Editorial
Menos dinheiro e mais despesas, a realidade das contas públicas
A administração federal se viu obrigada a publicar um decreto com o detalhamento do contingenciamento
O projeto de lei que pretende criar o Novo Arcabouço Fiscal está tramitando no Congresso Nacional. Depois de ser aprovado na Câmara dos Deputados, agora vai começar a percorrer sua trajetória de debates, análises e discussões no Senado. Enquanto as novas regras não estão valendo, o Governo é obrigado a seguir o que estipula a lei que criou o teto de gastos.

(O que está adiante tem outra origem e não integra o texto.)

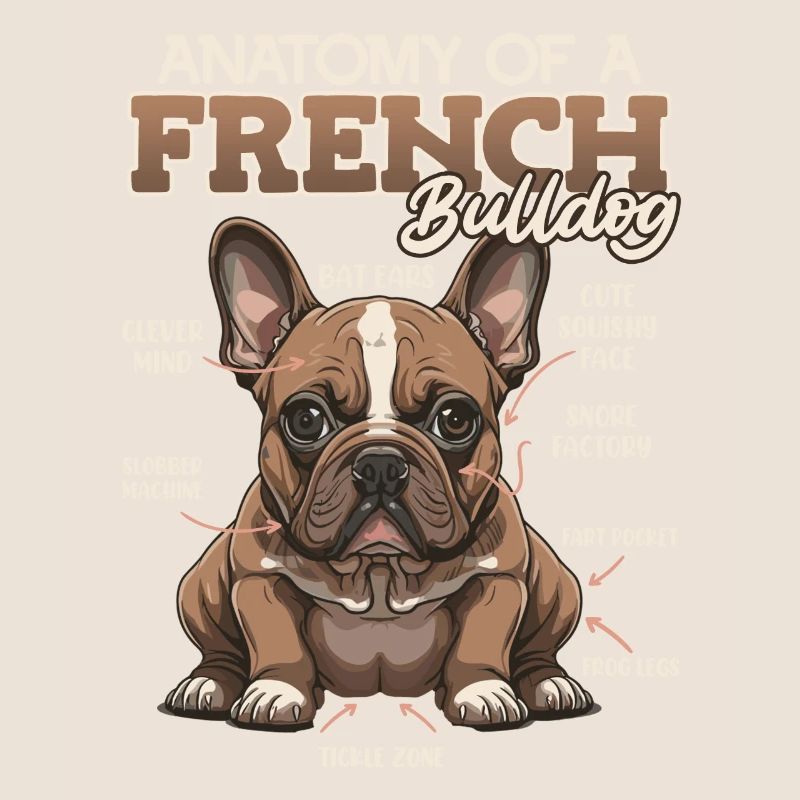 Anatomie Bouledogue Français Propriétaire Drôle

Por conta disso, a administração federal se viu obrigada a publicar um decreto com o detalhamento do contingenciamento de R$ 1,7 bilhão, necessário para o cumprimento do teto de gastos. O texto foi publicado em edição extra do Diário Oficial da União da terça-feira, 30. Por decisão do Palácio do Planalto, as pastas mais afetadas pelos cortes são Cidades e Transportes.
O Ministério das Cidades teve o maior valor bloqueado: R$ 691,3 milhões, seguido do Ministério de Transportes, com R$ 602,1 milhões. Também tiveram recursos retidos as pastas do Desenvolvimento e Assistência Social, Família e Combate à Fome (R$ 118,2 milhões); Integração e Desenvolvimento Regional (R$ 96,1 milhões); Fazenda (R$ 93,2 milhões) e Planejamento e Orçamento (R$ 88,4 milhões).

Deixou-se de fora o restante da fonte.